= Records contained in a dataset =
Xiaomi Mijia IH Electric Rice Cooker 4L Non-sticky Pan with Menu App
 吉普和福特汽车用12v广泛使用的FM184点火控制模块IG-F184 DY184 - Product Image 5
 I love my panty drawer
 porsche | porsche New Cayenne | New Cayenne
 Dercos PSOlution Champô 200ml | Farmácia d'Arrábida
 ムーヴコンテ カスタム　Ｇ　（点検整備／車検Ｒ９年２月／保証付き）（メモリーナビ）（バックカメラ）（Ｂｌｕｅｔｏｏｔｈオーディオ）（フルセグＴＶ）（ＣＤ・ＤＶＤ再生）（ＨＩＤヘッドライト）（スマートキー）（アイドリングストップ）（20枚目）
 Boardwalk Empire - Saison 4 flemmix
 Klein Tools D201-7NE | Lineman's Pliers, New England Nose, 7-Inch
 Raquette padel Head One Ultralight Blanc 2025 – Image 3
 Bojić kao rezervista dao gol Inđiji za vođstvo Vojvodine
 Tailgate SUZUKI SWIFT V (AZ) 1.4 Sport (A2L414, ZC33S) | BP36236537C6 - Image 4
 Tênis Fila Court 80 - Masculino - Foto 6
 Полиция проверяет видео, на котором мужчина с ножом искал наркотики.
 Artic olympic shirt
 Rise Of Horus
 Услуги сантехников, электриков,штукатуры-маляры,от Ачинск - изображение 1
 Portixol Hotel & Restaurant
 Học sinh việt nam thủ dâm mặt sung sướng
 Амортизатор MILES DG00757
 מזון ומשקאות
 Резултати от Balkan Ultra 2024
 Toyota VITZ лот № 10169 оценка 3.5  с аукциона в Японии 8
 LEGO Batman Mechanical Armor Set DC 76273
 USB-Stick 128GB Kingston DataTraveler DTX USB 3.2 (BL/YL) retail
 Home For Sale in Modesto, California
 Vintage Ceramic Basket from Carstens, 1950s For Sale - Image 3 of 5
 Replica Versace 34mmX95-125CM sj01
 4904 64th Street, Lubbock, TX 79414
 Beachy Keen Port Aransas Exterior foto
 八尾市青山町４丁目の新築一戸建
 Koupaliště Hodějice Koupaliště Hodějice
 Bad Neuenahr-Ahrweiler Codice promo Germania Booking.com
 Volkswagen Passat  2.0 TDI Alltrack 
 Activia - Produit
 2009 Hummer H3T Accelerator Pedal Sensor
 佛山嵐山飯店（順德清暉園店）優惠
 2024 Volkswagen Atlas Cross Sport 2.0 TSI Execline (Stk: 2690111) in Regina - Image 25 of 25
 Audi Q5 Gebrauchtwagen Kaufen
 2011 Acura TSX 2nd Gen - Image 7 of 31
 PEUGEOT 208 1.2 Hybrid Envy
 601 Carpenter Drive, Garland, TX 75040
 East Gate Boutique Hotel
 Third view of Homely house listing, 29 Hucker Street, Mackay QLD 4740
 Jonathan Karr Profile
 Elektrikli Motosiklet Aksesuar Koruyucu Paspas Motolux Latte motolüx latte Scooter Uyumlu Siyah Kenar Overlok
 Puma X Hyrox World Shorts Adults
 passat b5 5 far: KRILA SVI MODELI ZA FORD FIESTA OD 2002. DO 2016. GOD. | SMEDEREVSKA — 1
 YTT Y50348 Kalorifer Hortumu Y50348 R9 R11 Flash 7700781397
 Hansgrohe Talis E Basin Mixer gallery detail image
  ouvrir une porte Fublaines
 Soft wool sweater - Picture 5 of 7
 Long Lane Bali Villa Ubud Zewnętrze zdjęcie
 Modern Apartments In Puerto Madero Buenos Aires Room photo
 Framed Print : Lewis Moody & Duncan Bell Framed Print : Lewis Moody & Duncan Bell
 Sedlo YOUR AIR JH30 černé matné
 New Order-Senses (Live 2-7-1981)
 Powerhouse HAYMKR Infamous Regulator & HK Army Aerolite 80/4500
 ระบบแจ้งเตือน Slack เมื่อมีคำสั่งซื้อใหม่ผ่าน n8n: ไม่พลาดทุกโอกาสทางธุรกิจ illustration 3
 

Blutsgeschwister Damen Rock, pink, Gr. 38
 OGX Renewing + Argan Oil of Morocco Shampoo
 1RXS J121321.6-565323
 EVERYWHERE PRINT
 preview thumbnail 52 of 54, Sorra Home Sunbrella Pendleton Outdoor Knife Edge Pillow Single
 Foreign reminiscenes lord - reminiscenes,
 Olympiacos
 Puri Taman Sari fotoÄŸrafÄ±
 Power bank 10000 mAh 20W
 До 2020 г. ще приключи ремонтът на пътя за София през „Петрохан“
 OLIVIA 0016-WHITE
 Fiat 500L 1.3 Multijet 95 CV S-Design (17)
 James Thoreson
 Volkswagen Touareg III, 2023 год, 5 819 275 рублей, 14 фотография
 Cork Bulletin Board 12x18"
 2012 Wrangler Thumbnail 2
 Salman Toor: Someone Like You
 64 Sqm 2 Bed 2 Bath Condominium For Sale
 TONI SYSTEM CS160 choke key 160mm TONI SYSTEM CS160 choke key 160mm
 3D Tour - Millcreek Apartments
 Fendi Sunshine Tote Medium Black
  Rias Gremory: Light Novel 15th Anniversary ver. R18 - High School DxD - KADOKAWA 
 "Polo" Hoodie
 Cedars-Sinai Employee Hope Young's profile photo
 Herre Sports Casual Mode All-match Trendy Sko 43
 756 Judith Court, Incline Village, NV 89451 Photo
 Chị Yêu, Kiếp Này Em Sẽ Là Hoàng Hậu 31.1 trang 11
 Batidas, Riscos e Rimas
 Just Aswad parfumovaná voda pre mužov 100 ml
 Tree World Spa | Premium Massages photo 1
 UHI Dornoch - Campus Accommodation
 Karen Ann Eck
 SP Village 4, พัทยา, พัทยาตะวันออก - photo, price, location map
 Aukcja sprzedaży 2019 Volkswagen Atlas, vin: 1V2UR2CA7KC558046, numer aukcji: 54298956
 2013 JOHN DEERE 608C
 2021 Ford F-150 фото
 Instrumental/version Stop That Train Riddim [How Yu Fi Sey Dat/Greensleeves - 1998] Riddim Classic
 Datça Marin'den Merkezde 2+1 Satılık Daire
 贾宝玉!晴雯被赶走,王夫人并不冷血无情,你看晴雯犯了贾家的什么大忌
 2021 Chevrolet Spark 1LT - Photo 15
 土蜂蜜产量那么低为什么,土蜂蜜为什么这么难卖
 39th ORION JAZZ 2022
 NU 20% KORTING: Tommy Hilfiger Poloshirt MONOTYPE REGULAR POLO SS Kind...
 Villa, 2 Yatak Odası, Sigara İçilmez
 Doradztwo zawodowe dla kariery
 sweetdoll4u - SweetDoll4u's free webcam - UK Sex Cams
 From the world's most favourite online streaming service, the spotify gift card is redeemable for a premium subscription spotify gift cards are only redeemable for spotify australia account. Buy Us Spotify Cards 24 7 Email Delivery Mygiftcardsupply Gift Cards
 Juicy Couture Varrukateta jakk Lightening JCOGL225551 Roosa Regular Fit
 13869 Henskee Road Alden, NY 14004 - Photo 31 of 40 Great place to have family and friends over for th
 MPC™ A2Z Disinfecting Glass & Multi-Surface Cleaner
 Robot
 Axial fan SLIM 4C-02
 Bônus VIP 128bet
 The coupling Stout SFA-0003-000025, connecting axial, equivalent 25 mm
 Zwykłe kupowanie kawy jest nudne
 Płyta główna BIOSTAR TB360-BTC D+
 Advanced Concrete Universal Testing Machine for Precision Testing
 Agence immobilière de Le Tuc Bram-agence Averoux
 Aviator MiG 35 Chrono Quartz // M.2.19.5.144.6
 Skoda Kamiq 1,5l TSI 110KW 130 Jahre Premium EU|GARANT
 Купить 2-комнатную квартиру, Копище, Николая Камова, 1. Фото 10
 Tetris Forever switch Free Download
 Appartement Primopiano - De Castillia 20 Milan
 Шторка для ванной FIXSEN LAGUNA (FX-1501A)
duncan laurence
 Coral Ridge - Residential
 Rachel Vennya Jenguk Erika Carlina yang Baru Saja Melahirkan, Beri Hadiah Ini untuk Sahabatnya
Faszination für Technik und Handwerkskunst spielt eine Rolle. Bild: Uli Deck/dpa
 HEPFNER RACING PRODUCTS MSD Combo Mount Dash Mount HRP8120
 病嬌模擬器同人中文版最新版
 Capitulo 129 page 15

= Aim of the exercise =
Give the exact lines, and only those, from the line containing "2011 Acura TSX 2nd Gen - Image 7 of 31" through the line containing "64 Sqm 2 Bed 2 Bath Condominium For Sale" in the entries above.

= Output for this task =
 2011 Acura TSX 2nd Gen - Image 7 of 31
 PEUGEOT 208 1.2 Hybrid Envy
 601 Carpenter Drive, Garland, TX 75040
 East Gate Boutique Hotel
 Third view of Homely house listing, 29 Hucker Street, Mackay QLD 4740
 Jonathan Karr Profile
 Elektrikli Motosiklet Aksesuar Koruyucu Paspas Motolux Latte motolüx latte Scooter Uyumlu Siyah Kenar Overlok
 Puma X Hyrox World Shorts Adults
 passat b5 5 far: KRILA SVI MODELI ZA FORD FIESTA OD 2002. DO 2016. GOD. | SMEDEREVSKA — 1
 YTT Y50348 Kalorifer Hortumu Y50348 R9 R11 Flash 7700781397
 Hansgrohe Talis E Basin Mixer gallery detail image
  ouvrir une porte Fublaines
 Soft wool sweater - Picture 5 of 7
 Long Lane Bali Villa Ubud Zewnętrze zdjęcie
 Modern Apartments In Puerto Madero Buenos Aires Room photo
 Framed Print : Lewis Moody & Duncan Bell Framed Print : Lewis Moody & Duncan Bell
 Sedlo YOUR AIR JH30 černé matné
 New Order-Senses (Live 2-7-1981)
 Powerhouse HAYMKR Infamous Regulator & HK Army Aerolite 80/4500
 ระบบแจ้งเตือน Slack เมื่อมีคำสั่งซื้อใหม่ผ่าน n8n: ไม่พลาดทุกโอกาสทางธุรกิจ illustration 3
 

Blutsgeschwister Damen Rock, pink, Gr. 38
 OGX Renewing + Argan Oil of Morocco Shampoo
 1RXS J121321.6-565323
 EVERYWHERE PRINT
 preview thumbnail 52 of 54, Sorra Home Sunbrella Pendleton Outdoor Knife Edge Pillow Single
 Foreign reminiscenes lord - reminiscenes,
 Olympiacos
 Puri Taman Sari fotoÄŸrafÄ±
 Power bank 10000 mAh 20W
 До 2020 г. ще приключи ремонтът на пътя за София през „Петрохан“
 OLIVIA 0016-WHITE
 Fiat 500L 1.3 Multijet 95 CV S-Design (17)
 James Thoreson
 Volkswagen Touareg III, 2023 год, 5 819 275 рублей, 14 фотография
 Cork Bulletin Board 12x18"
 2012 Wrangler Thumbnail 2
 Salman Toor: Someone Like You
 64 Sqm 2 Bed 2 Bath Condominium For Sale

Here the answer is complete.